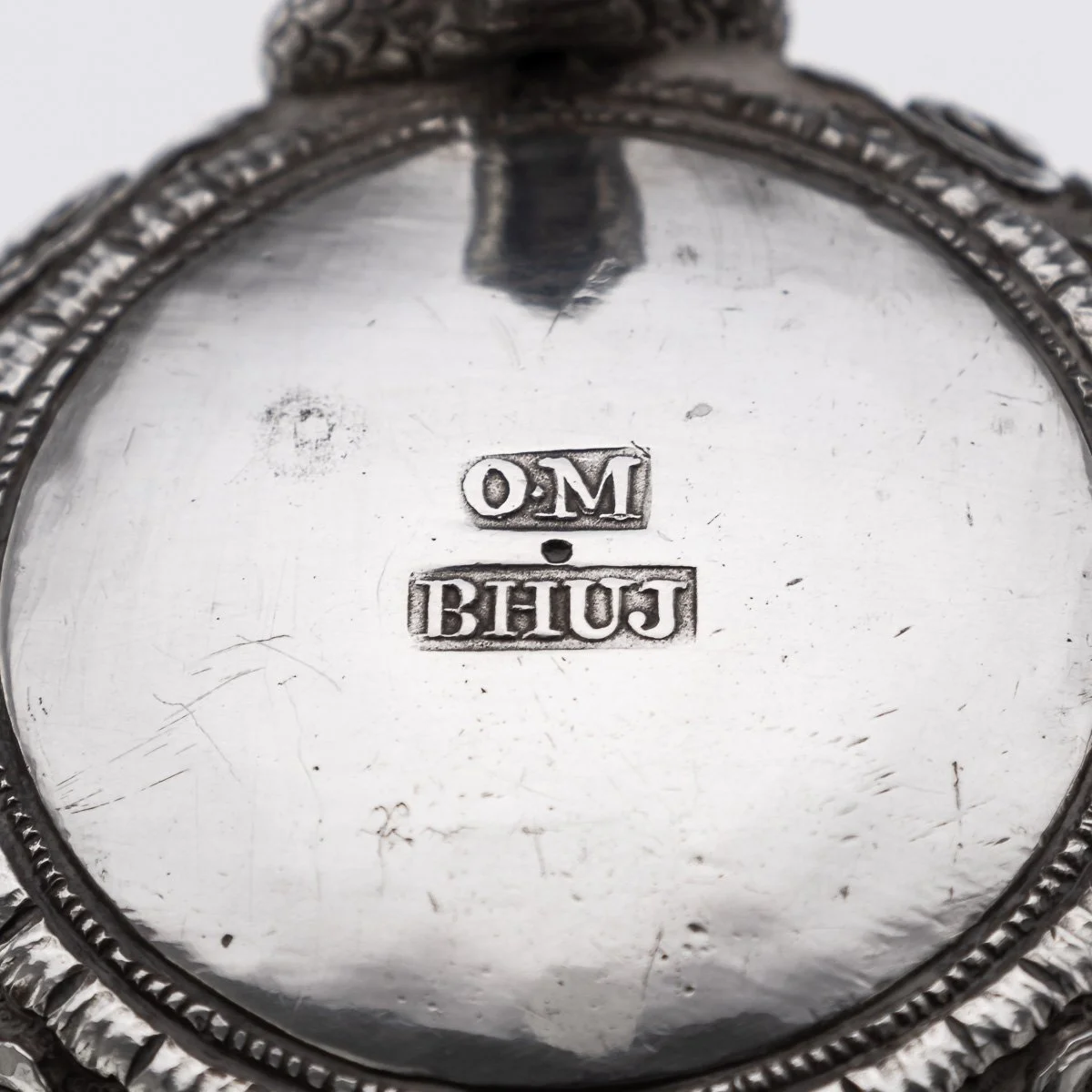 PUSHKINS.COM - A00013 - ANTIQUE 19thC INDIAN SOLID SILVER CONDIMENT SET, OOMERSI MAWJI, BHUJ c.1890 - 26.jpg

* * *

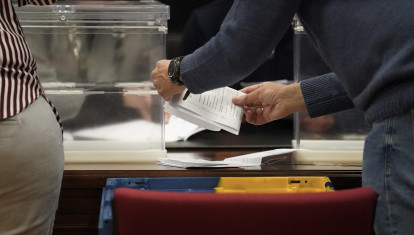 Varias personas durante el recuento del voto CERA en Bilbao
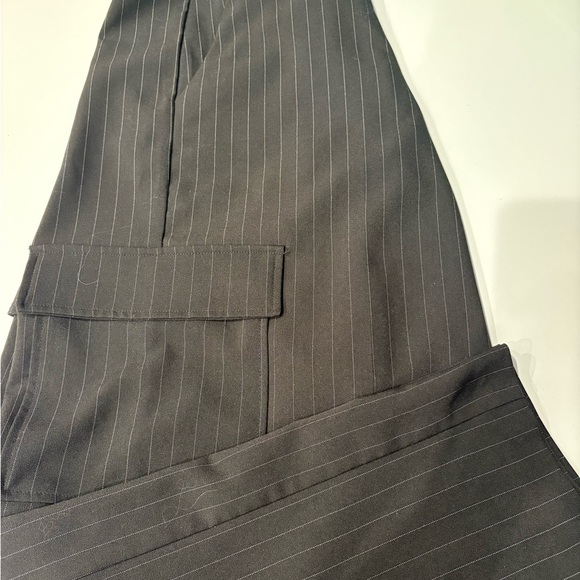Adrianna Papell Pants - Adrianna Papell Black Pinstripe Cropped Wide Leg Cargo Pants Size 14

§ **Your instructions**:
Pictures do not belong in the answer. Return the lines above starting at the one with "Varias personas durante" and ending at the one with "Adrianna Papell Pants", both kept, exactly.

§ **Reply**:
 Varias personas durante el recuento del voto CERA en Bilbao
Adrianna Papell Pants - Adrianna Papell Black Pinstripe Cropped Wide Leg Cargo Pants Size 14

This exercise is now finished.